- Your goal
Leaving out pictures, output exactly the lines below from the one that has "Separating the pectoral fascia from" through the one that has "PM by diathermy", and nothing else.

- Records for processing
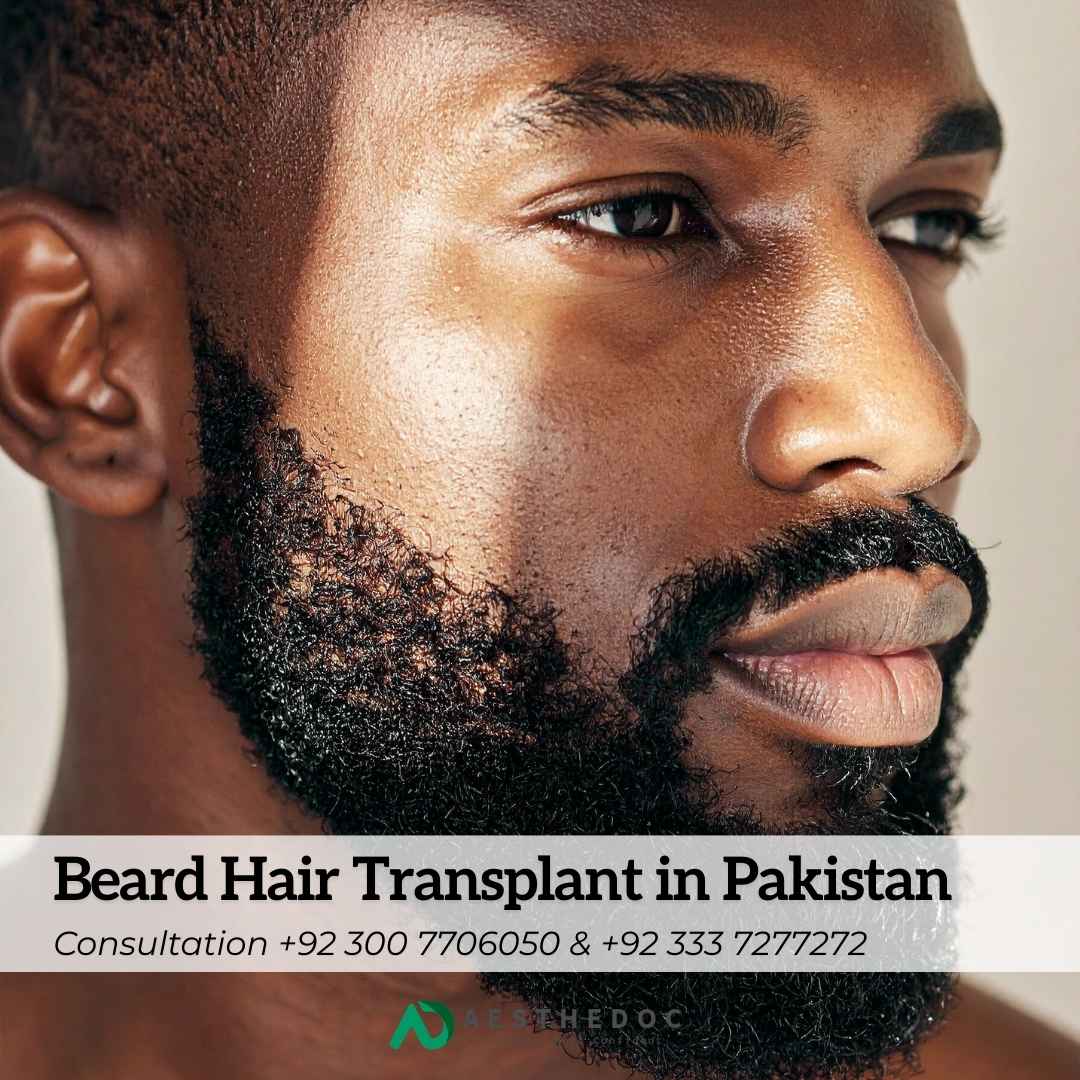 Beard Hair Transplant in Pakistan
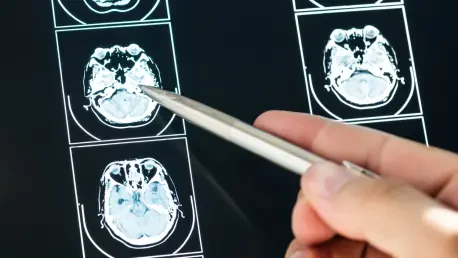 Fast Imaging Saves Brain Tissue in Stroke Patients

* * *

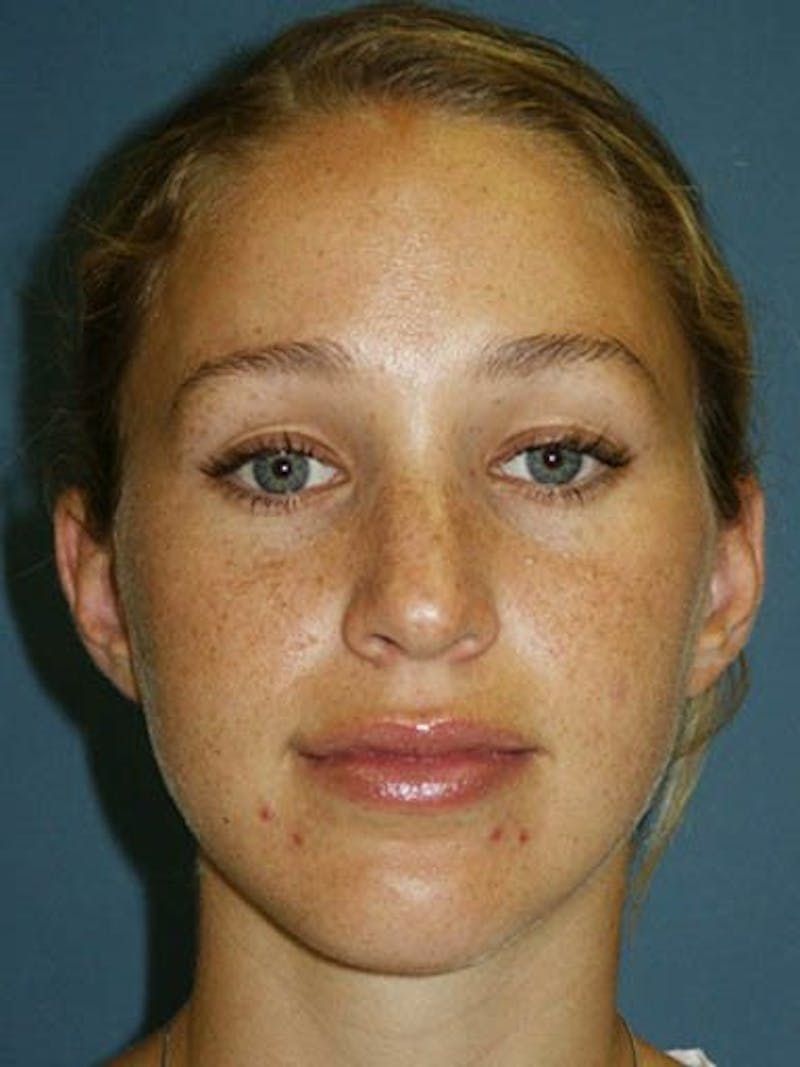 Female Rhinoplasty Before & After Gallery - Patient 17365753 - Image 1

---

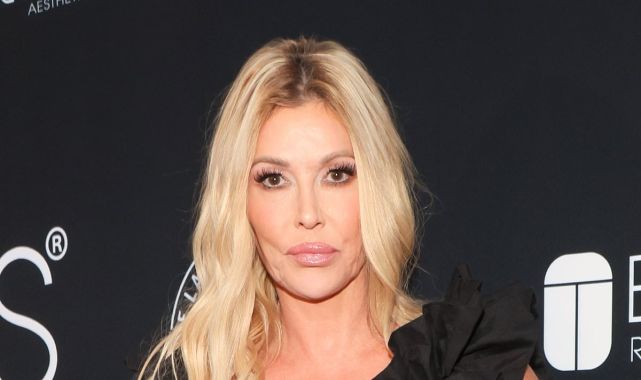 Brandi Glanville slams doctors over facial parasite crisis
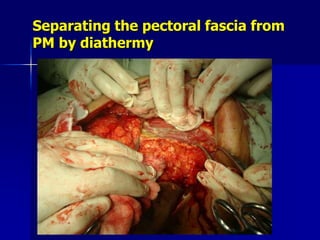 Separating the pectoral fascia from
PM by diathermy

- Response to this task
 Separating the pectoral fascia from
PM by diathermy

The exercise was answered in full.